■ Problem description
Start with the first line of the data and end with the line that holds "Prédio Comercial para"; write out each one exactly.

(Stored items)
*** Block opens ***
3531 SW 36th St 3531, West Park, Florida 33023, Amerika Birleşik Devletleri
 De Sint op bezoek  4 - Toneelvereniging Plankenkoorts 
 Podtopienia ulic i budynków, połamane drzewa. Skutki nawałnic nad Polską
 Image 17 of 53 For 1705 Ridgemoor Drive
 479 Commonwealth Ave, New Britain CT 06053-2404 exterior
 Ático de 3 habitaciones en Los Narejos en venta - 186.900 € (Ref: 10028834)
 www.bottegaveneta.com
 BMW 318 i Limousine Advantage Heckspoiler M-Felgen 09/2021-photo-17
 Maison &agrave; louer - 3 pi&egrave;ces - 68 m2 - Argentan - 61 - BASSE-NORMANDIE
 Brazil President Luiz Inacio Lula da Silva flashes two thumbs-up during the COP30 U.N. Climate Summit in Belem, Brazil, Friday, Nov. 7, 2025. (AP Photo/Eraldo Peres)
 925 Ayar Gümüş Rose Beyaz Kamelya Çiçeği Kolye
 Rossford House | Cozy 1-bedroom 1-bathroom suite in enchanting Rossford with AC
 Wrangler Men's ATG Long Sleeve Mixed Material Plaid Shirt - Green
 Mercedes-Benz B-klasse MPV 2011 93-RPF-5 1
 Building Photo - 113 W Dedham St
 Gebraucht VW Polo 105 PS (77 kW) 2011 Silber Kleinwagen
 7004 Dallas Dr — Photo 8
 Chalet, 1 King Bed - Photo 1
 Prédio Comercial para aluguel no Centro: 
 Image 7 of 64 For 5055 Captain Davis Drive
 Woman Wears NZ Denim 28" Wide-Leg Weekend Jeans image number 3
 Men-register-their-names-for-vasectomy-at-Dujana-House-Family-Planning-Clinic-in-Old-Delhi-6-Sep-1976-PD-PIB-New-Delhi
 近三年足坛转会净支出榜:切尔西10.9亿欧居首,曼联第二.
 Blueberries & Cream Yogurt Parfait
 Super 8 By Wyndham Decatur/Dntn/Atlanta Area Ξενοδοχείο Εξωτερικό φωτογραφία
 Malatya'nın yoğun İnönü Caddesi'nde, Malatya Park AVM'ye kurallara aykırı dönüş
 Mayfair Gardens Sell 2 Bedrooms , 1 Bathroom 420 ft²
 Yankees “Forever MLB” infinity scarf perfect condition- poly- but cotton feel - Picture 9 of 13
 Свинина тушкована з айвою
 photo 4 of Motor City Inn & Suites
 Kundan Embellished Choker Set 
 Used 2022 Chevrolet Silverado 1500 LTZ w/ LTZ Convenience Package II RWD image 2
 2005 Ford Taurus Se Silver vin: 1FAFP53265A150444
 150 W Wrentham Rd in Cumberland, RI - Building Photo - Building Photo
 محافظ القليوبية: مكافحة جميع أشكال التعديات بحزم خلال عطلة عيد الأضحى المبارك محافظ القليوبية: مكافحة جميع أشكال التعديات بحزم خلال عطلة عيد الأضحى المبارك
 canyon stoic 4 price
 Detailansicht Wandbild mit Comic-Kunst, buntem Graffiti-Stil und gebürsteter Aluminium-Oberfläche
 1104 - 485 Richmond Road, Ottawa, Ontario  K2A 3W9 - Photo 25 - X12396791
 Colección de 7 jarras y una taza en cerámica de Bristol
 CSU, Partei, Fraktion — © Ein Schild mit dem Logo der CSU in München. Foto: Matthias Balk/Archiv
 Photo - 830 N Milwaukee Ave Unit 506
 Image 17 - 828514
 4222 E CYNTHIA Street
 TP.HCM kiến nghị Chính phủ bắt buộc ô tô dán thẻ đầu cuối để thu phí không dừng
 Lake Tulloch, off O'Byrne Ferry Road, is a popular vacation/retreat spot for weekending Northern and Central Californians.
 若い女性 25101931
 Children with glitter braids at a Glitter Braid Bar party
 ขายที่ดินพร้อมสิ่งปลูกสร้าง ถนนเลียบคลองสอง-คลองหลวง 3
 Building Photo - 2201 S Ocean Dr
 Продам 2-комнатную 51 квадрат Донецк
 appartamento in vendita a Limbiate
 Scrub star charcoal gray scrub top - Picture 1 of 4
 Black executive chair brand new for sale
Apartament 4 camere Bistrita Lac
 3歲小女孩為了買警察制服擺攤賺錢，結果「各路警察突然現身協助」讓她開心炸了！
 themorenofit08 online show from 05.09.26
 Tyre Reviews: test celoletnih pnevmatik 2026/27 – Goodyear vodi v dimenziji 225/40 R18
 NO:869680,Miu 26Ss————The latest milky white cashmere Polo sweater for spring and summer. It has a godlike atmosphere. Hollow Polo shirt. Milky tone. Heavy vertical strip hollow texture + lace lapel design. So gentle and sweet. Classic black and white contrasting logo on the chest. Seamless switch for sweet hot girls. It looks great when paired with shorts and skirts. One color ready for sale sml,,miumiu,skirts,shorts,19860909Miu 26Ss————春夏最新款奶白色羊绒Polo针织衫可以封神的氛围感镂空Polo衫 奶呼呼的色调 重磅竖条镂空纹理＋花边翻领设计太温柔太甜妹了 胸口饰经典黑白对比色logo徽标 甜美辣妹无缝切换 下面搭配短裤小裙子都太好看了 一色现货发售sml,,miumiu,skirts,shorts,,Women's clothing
*** Block closes ***
■ Answer section
3531 SW 36th St 3531, West Park, Florida 33023, Amerika Birleşik Devletleri
 De Sint op bezoek  4 - Toneelvereniging Plankenkoorts 
 Podtopienia ulic i budynków, połamane drzewa. Skutki nawałnic nad Polską
 Image 17 of 53 For 1705 Ridgemoor Drive
 479 Commonwealth Ave, New Britain CT 06053-2404 exterior
 Ático de 3 habitaciones en Los Narejos en venta - 186.900 € (Ref: 10028834)
 www.bottegaveneta.com
 BMW 318 i Limousine Advantage Heckspoiler M-Felgen 09/2021-photo-17
 Maison &agrave; louer - 3 pi&egrave;ces - 68 m2 - Argentan - 61 - BASSE-NORMANDIE
 Brazil President Luiz Inacio Lula da Silva flashes two thumbs-up during the COP30 U.N. Climate Summit in Belem, Brazil, Friday, Nov. 7, 2025. (AP Photo/Eraldo Peres)
 925 Ayar Gümüş Rose Beyaz Kamelya Çiçeği Kolye
 Rossford House | Cozy 1-bedroom 1-bathroom suite in enchanting Rossford with AC
 Wrangler Men's ATG Long Sleeve Mixed Material Plaid Shirt - Green
 Mercedes-Benz B-klasse MPV 2011 93-RPF-5 1
 Building Photo - 113 W Dedham St
 Gebraucht VW Polo 105 PS (77 kW) 2011 Silber Kleinwagen
 7004 Dallas Dr — Photo 8
 Chalet, 1 King Bed - Photo 1
 Prédio Comercial para aluguel no Centro: 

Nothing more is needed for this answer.